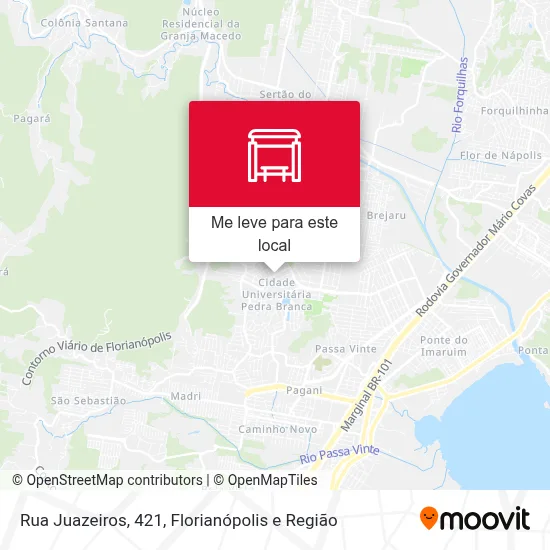 Rua Juazeiros, 421 mapa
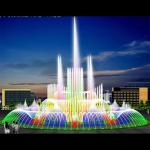 High Spray Dry Floor Fountains RGB Underwater Light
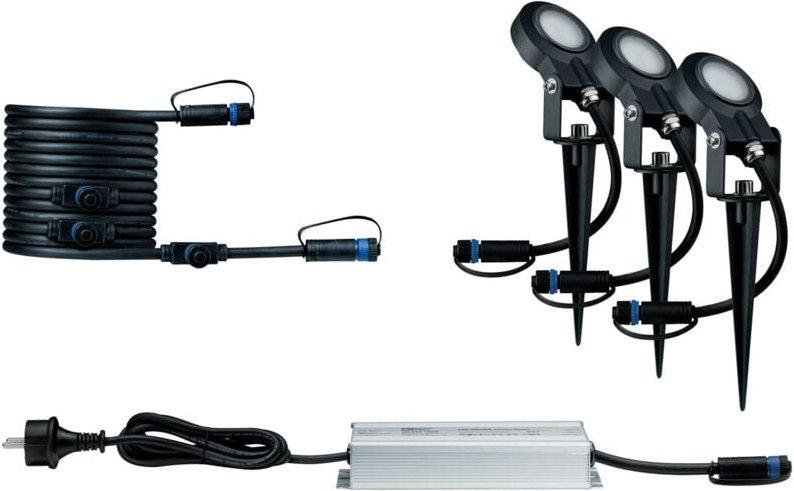 Paulmann - Plug & Shine Basisset Erdspieß Sting Outdoor Plug & Shine Beleuchtungssystem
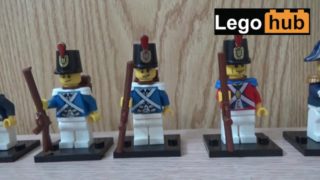 Lego minifigures of sexy British Imperial soldiers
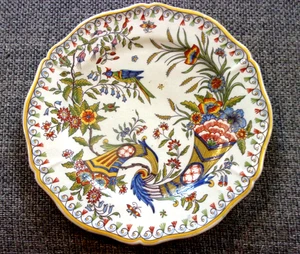 Plat en faience Fourmaintreaux frères - décor Rouen - Imagen 1 de 3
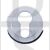 Carlisle Brass SZM001CP Round Euro Cylinder Concealed Fix Escutcheon Polished Chrome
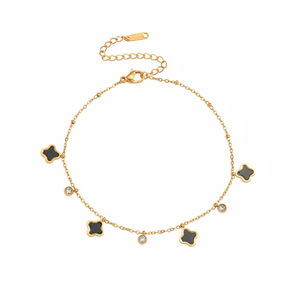 Bracelet de cheville papillon en acier inoxydable inaltérable, avec zircone cubique, réglable, vente en gros, cadeau bijou - Product Image 6
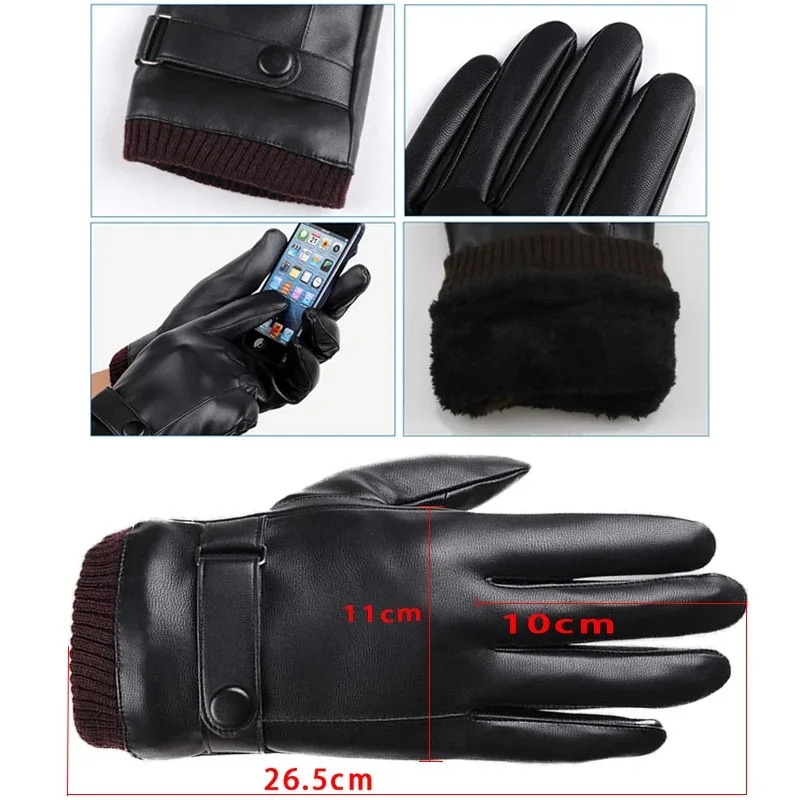 Men's Gloves Black Winter Mitt - Winter Clothing Drive incelemesi ve fiyatı
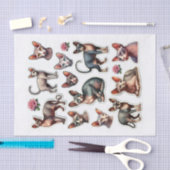 Set der haarlosen Sphynxkatzen Seidenpapier (Handwerk)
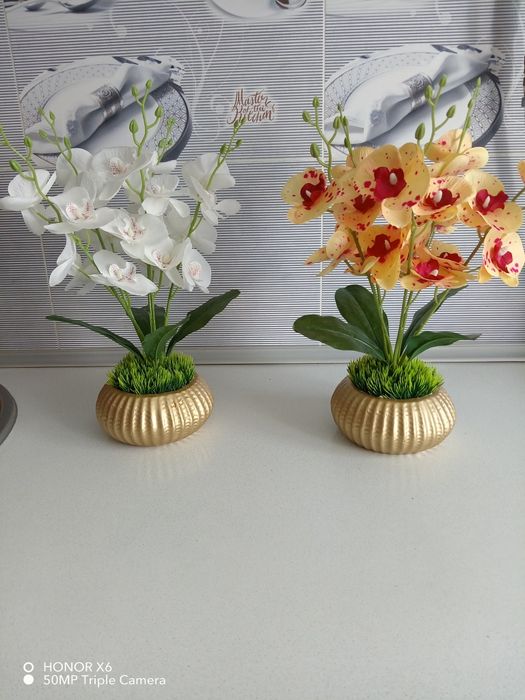 Suniy gullar, Uyingiz uchun dekor gullar sotiladi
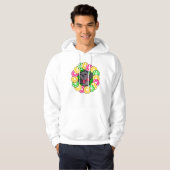 Veste À Capuche Couronne de pamplemousse rose et d'agrumes Kawaii (Devant entier)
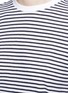 Detail View - Click To Enlarge - T BY ALEXANDER WANG - Rolled cuff stripe T-shirt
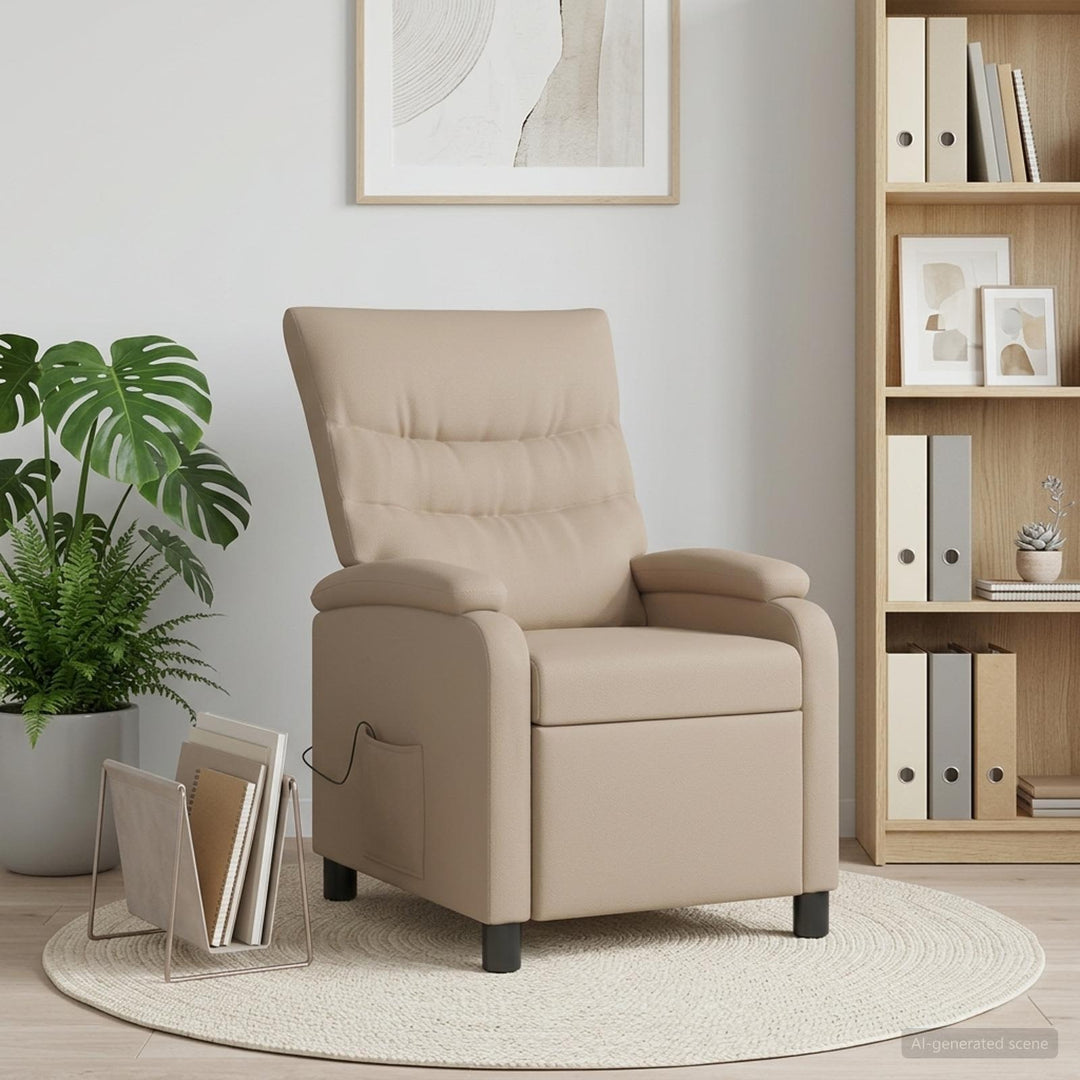 Massage Lænestol Cappuccino Kunstlæder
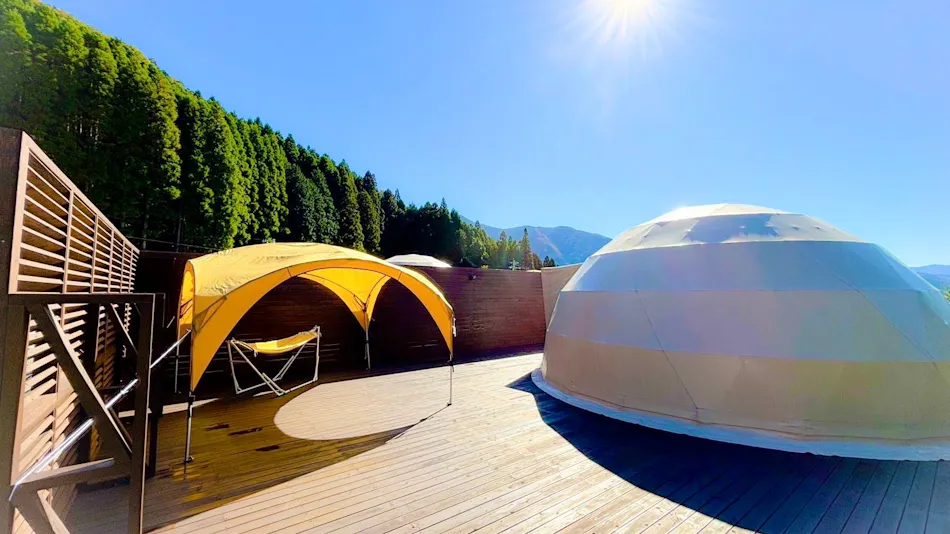 Yufuin Onsen Glamping Kaze no Hibiki
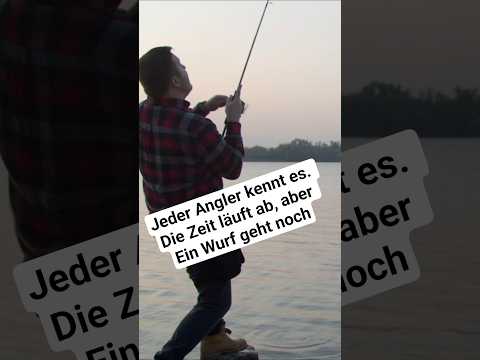 der letzte Wurf. jeder kennt es beim Angeln auf der Jagd nach den Fischen. #angeln #fishing #hecht
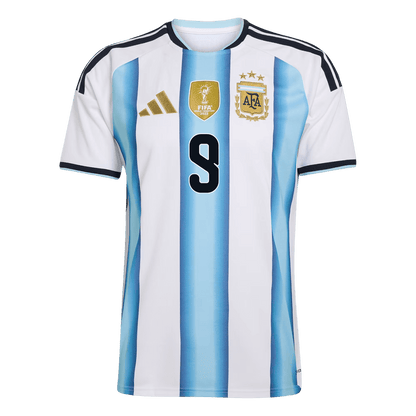 Męska Koszulka Domowa Argentina J.ÁLVAREZ #9 World Cup 2026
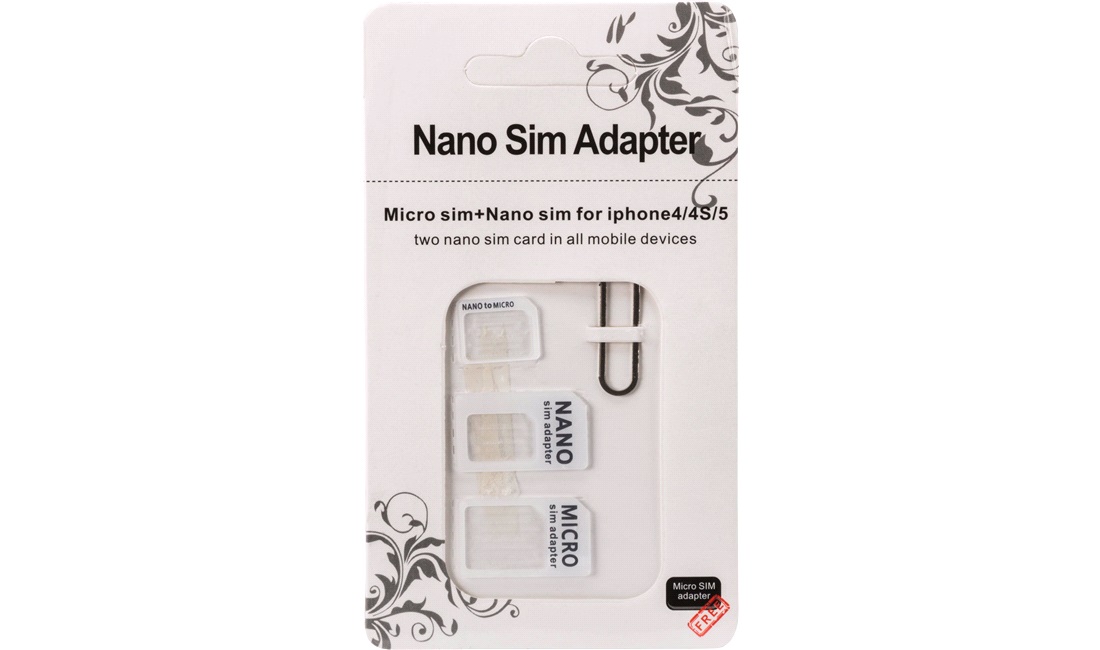 Simkortadapter 3-i-1 Nano-Micro-Sim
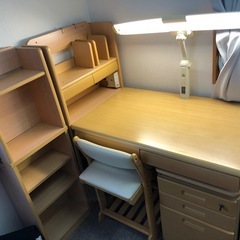 美品　学習机　フルセットの画像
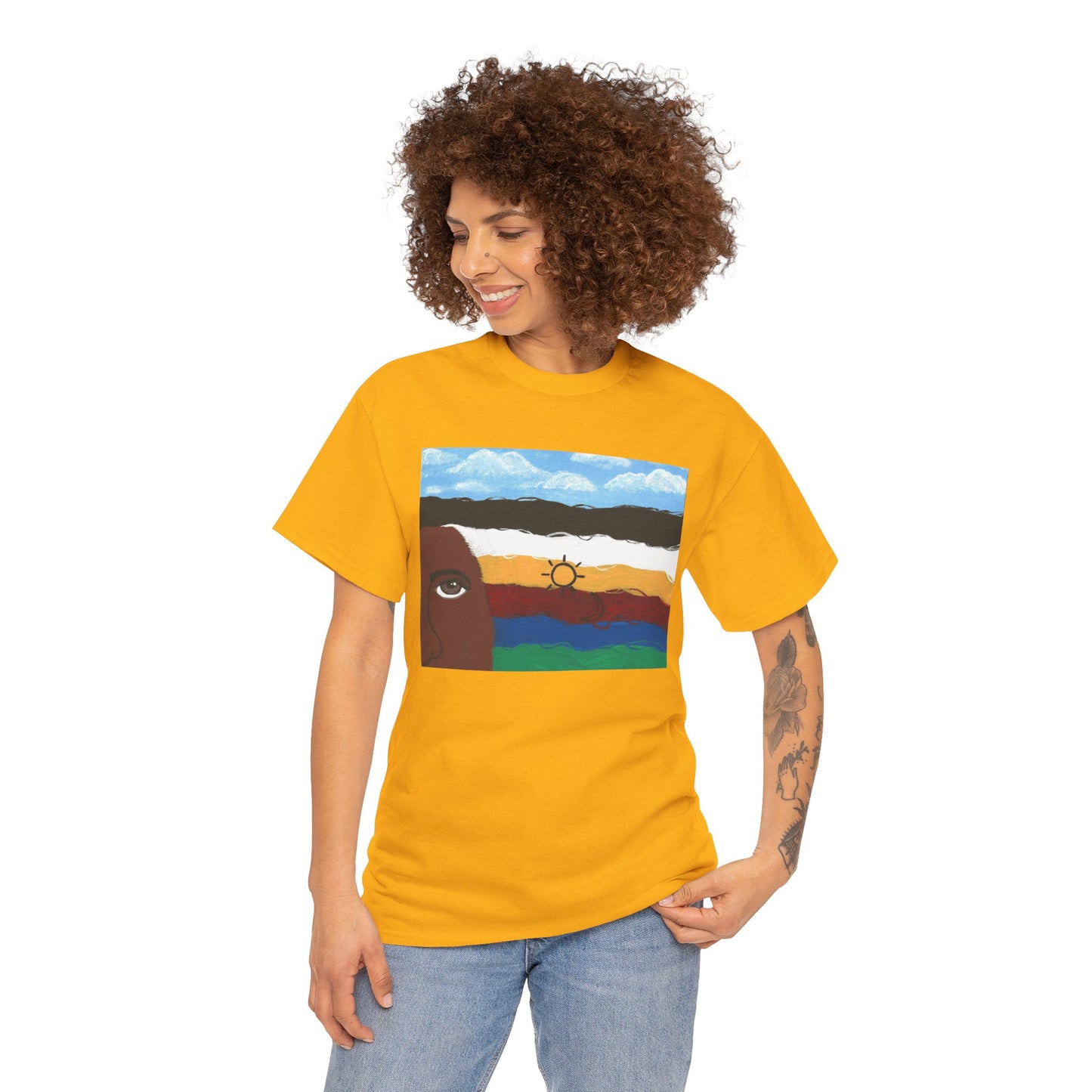 2Spirit Flag Heavy Cotton Tee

_The task_. Could you write out exactly the lines of the data above that run from the one holding "Massage Lænestol Cappuccino Kunstlæder" to the one holding "美品　学習机　フルセットの画像", with both ends in and all pictures out?

_Exercise answer_.
 Massage Lænestol Cappuccino Kunstlæder
 Yufuin Onsen Glamping Kaze no Hibiki
 der letzte Wurf. jeder kennt es beim Angeln auf der Jagd nach den Fischen. #angeln #fishing #hecht
 Męska Koszulka Domowa Argentina J.ÁLVAREZ #9 World Cup 2026
 Simkortadapter 3-i-1 Nano-Micro-Sim
 美品　学習机　フルセットの画像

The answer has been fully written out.